Caption-style text data
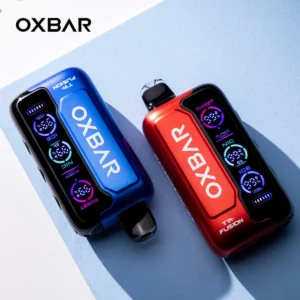 Alternative view of OXBAR TRI-FUSION 45000 Puffs Rechargeable Vape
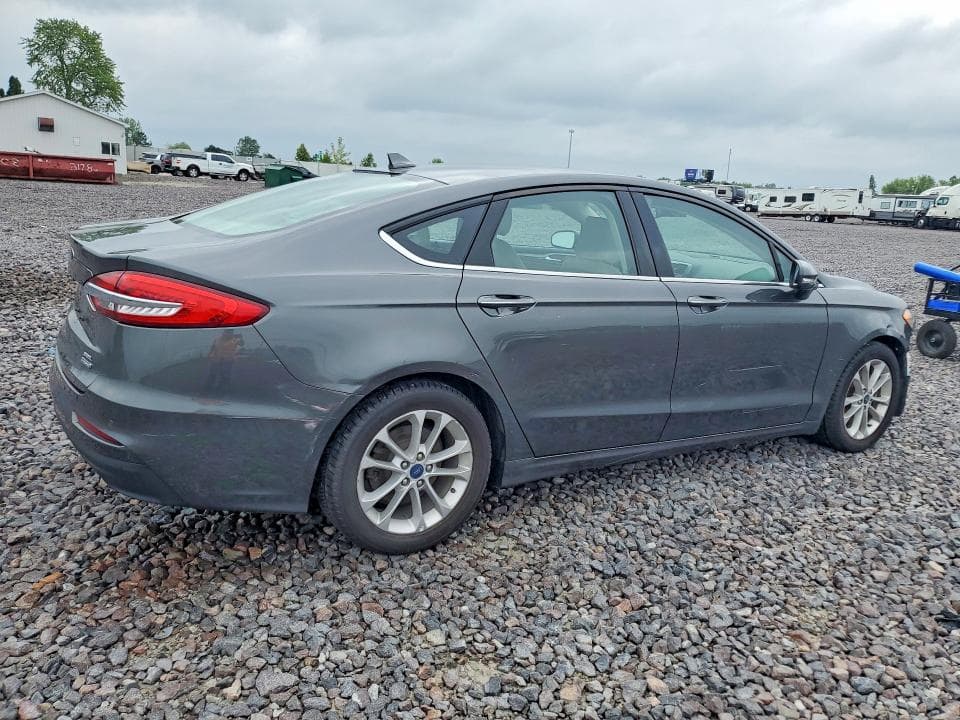 2020 FORD FUSION SEL 3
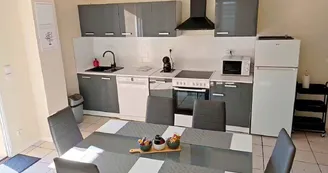 Gîte Chez Véronique - Nexon Gîte Chez Véronique - Nexon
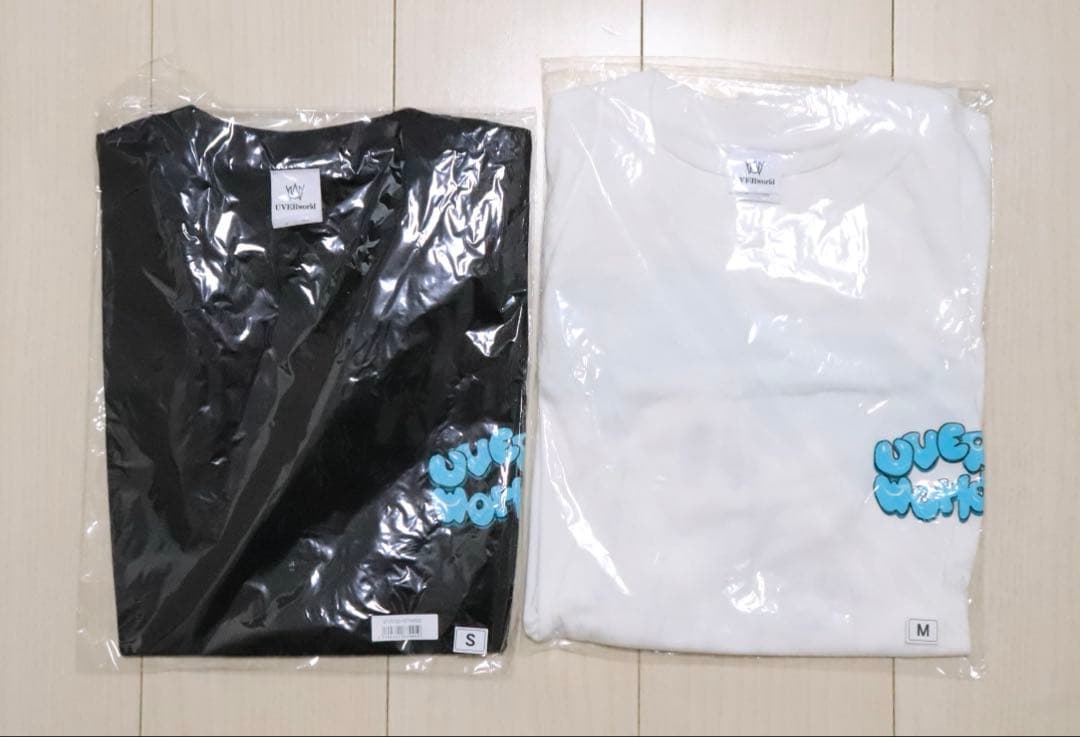 【すず】UVERworld 2024 女祭り Tシャツ 2点セット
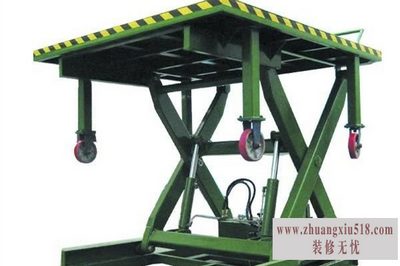 液压升降台报价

### BRIEF
Beginning with the line with "Gîte Chez Véronique - Nexon Gîte", repeat the entries above exactly, up to and including the last line, leaving out pictures.

### SOLUTION
 Gîte Chez Véronique - Nexon Gîte Chez Véronique - Nexon
 【すず】UVERworld 2024 女祭り Tシャツ 2点セット
 液压升降台报价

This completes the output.